Several attempts were made to correct the tilt, notably in 1911 and 1938, but the problem continued to worsen. In 1990, the tower’s lean reached 5.5 degrees from the perpendicular, leading the Italian government to take the decision to close the tower to the public and fund restoration works to save the tower from collapse. It did not reopen until 2001.

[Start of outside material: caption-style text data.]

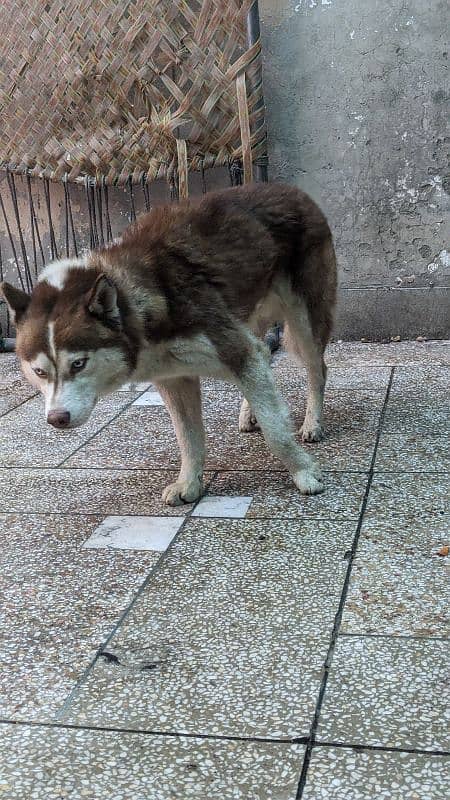 husky male available for sale 3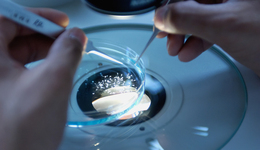 VC圍獵合成生物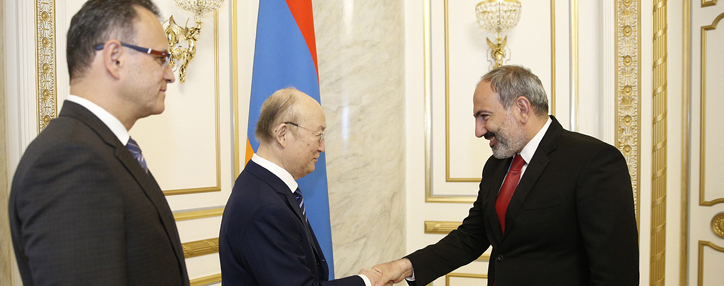 Pashinyan and IAEA director discuss cooperation enhancement 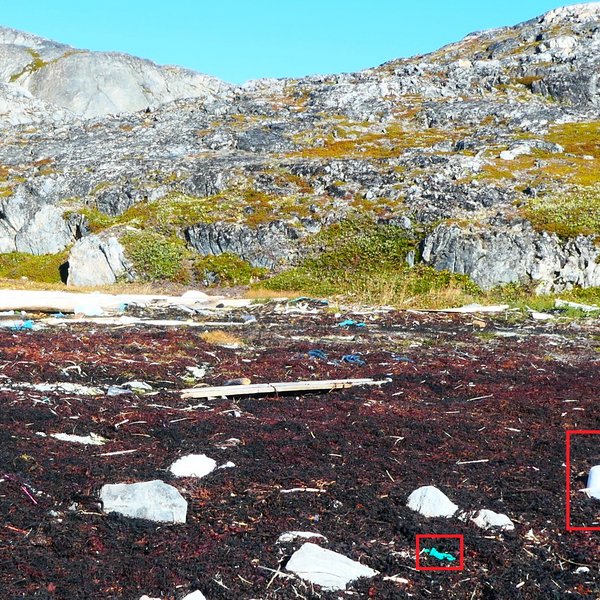 Fotoaufnahme von einem Strand in der Nähe von Sisimiut (Grönland). Tang, Steine und Müll. Im Hintergrund Berge. In Rot umrandet sind Plastikobjekte, die bei der manuellen Sichtung der Drohnenbilder identifiziert werden konnten.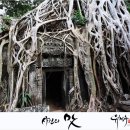 올드팝스 이미지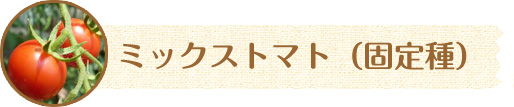 ミックストマト（固定種）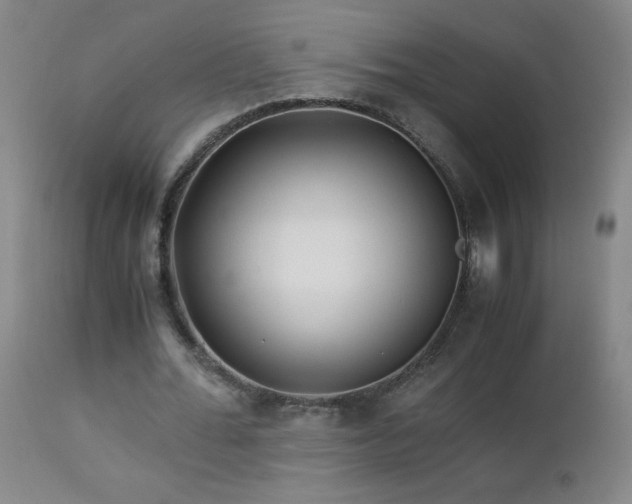 X0000112880676200908211452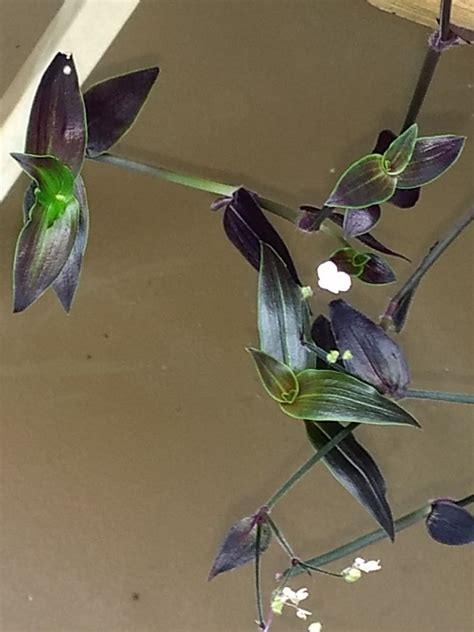 Gibasis José Puig Wandering Jew House Plant Etsy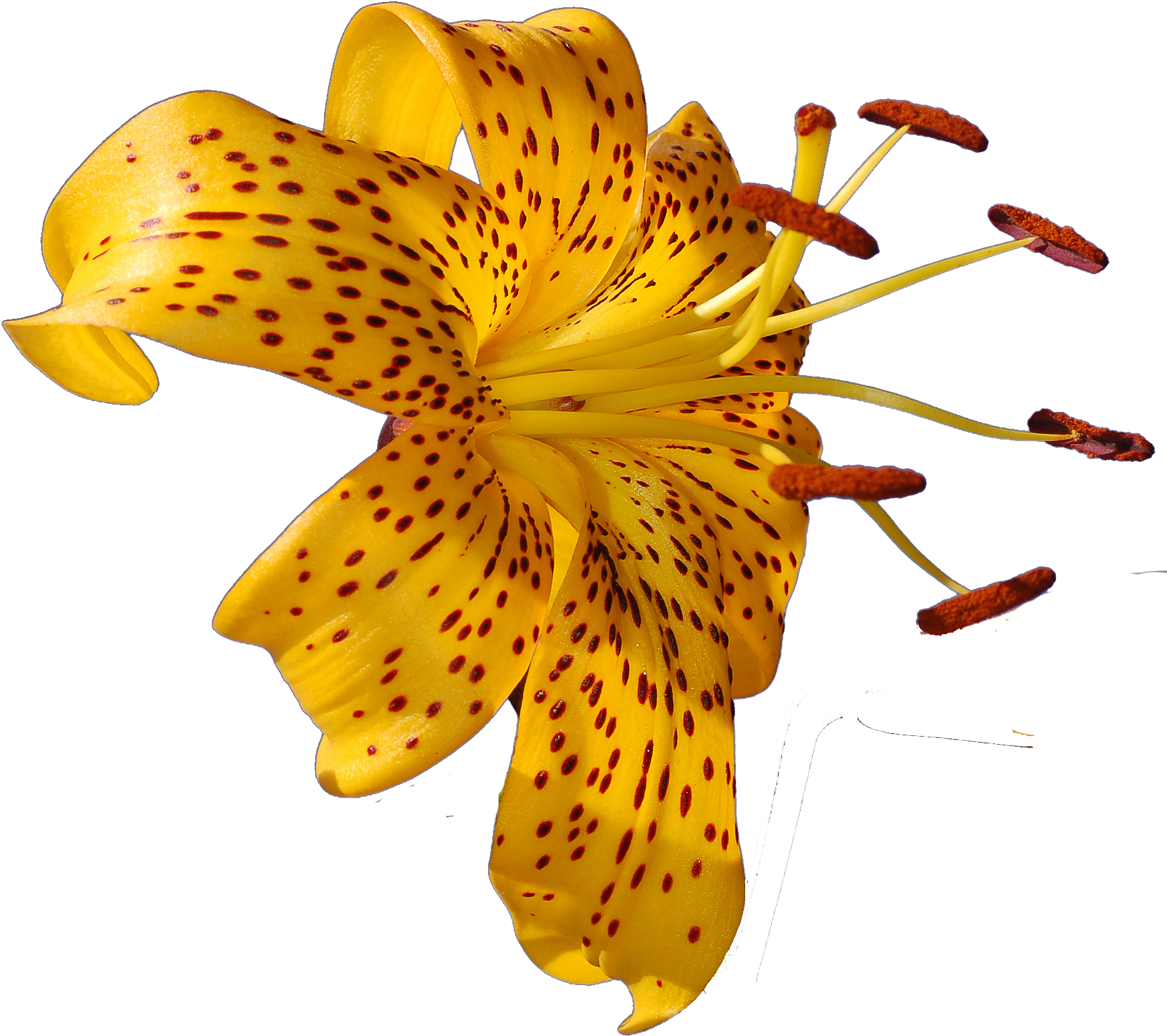 Png Images Of Tropical Flowers Png Transparent Library - Tropical Flower Photo Png (1753x1622), Png Download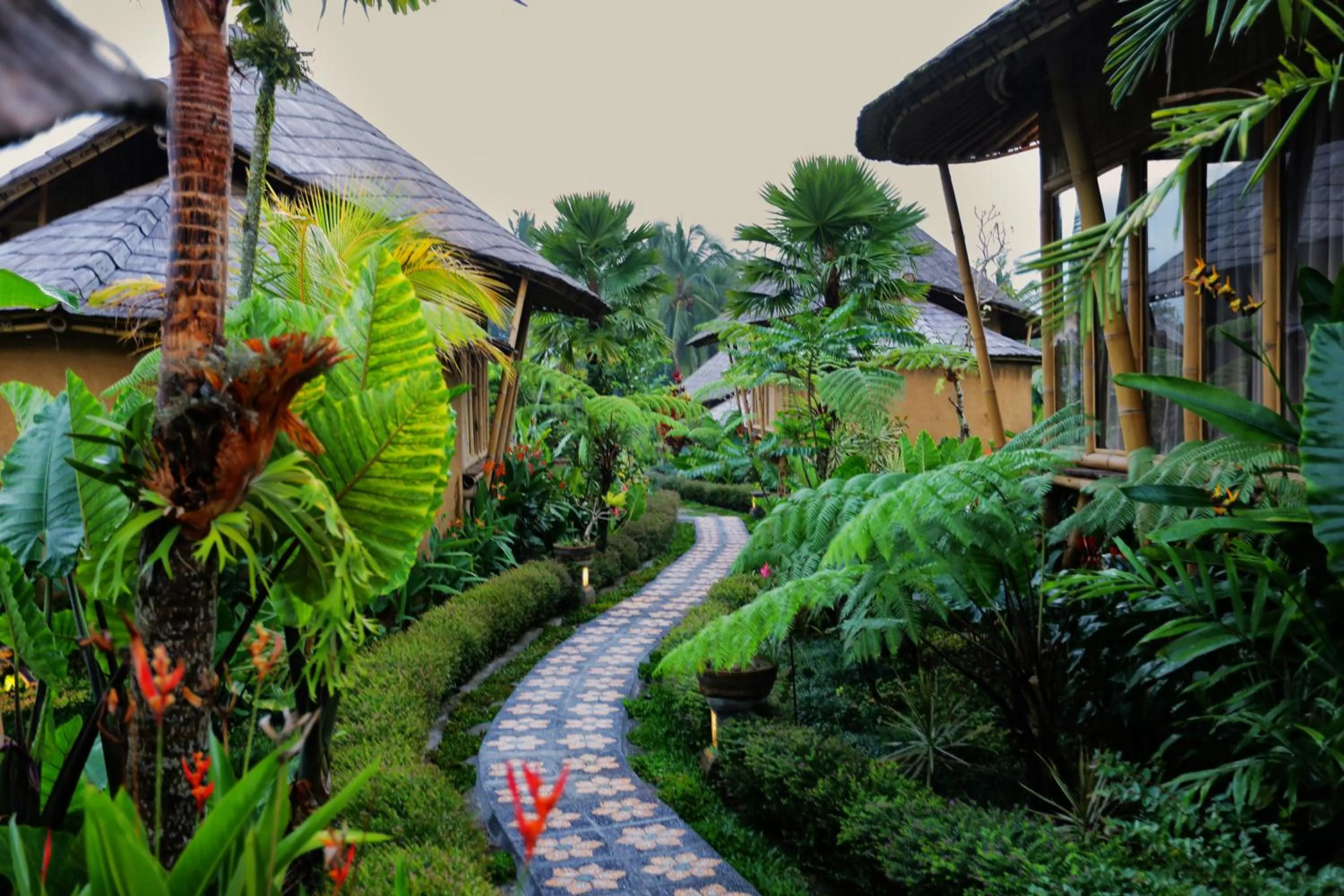 Garden in Padi Bali Retreat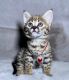 Savannah Cats for sale in Miami, FL, USA. price: $800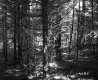 Conifers in Forest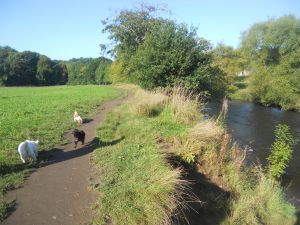 Brabyns Park at Aussie Dog Care.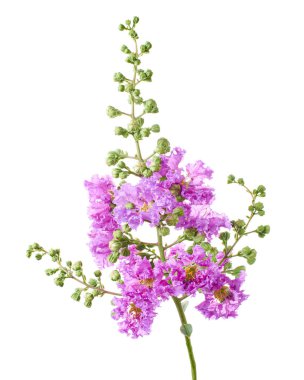 Mor Krep mersin çiçekleri, Lagerstroemia indica, Mor çiçekler beyaz arka planda izole edilmiş, kırpma yolu ile                       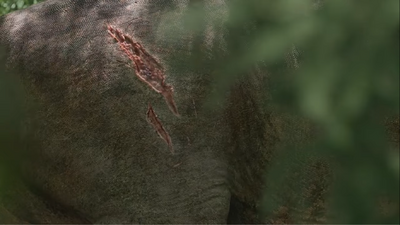 Wounds inflicted by a recently-slain Triceratops on an old male T. rex, serving as a reminder of the fatal dangers he can face, and a testament of his experience as a great survivor
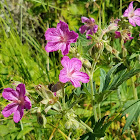 Sticky Purple Geranium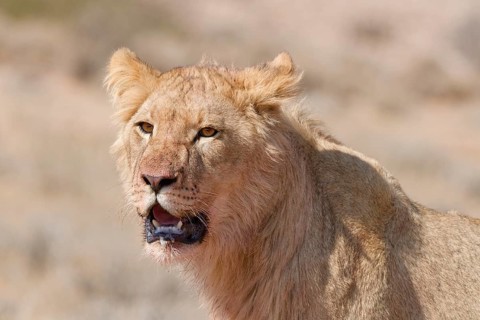 African lion (Panthera leo), young male, looking at camera, head close-up, alert, animal portrait,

Despite prophecies of doom from some commentators, the committee decided to enact a plan designed by Burland. In the 1990s, soil was extracted from beneath the tower by digging a series of tunnels on its north side to remove small amounts of earth, causing an imperceptible reduction in the slope. The inclination of the tower has gradually reduced by about 1,900 arcseconds (just over half a degree) as a result, and the lean has returned to where it was in the early 19th century. The reduction was achieved without any intervention on the masonry itself.
The tower is now deemed steady and secure— but it remains vulnerable, especially to extreme weather events and global warming. Heavy rainfall in Pisa in 2017 led to concerns that the tower might list further, or even fall entirely. The foundations are stronger now—but another rescue operation may need to be launched again soon.